WHAT TO WORK ON:
Please print every line from the one containing "Vietnamese Dictionary: AnhViệt screenshot" through the last line of the records below, exactly as written and nothing more.
== TASK INPUTS
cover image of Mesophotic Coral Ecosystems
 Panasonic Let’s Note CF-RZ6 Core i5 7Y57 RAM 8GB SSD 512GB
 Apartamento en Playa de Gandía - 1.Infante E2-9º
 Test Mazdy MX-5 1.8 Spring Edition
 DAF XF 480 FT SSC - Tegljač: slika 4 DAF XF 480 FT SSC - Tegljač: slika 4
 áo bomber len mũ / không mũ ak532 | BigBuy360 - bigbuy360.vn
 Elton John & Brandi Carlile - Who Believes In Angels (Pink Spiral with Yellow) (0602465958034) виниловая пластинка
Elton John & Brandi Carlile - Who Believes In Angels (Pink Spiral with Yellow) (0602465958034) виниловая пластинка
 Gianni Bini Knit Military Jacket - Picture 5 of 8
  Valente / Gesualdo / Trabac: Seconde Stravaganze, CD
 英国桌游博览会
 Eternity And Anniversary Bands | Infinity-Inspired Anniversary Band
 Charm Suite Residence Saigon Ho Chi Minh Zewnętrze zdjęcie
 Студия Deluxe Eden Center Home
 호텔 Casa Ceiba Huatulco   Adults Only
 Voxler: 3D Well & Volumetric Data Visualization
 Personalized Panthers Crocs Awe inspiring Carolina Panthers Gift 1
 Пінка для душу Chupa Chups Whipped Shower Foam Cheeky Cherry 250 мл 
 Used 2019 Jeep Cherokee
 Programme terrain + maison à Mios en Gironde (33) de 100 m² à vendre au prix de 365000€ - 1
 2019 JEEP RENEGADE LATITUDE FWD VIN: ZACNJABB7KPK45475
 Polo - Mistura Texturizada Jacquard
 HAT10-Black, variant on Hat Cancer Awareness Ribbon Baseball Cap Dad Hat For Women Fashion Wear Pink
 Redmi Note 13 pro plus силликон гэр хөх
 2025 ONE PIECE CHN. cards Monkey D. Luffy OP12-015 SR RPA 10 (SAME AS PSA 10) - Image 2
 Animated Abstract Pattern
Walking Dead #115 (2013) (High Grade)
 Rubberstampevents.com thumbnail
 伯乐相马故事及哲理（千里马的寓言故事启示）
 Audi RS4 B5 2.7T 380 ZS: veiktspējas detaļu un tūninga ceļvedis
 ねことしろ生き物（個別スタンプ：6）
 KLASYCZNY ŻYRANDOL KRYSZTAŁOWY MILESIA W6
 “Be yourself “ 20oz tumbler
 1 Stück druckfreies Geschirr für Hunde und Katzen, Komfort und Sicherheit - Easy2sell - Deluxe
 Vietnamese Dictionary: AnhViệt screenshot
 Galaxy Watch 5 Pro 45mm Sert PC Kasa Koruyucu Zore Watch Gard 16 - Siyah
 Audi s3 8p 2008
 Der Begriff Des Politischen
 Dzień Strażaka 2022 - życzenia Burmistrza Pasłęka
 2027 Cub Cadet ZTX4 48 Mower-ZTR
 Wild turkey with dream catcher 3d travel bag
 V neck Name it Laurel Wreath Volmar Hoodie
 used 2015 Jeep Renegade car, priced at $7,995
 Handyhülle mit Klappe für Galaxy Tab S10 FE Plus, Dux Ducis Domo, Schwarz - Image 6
====
EXPECTED ANSWER:
 Vietnamese Dictionary: AnhViệt screenshot
 Galaxy Watch 5 Pro 45mm Sert PC Kasa Koruyucu Zore Watch Gard 16 - Siyah
 Audi s3 8p 2008
 Der Begriff Des Politischen
 Dzień Strażaka 2022 - życzenia Burmistrza Pasłęka
 2027 Cub Cadet ZTX4 48 Mower-ZTR
 Wild turkey with dream catcher 3d travel bag
 V neck Name it Laurel Wreath Volmar Hoodie
 used 2015 Jeep Renegade car, priced at $7,995
 Handyhülle mit Klappe für Galaxy Tab S10 FE Plus, Dux Ducis Domo, Schwarz - Image 6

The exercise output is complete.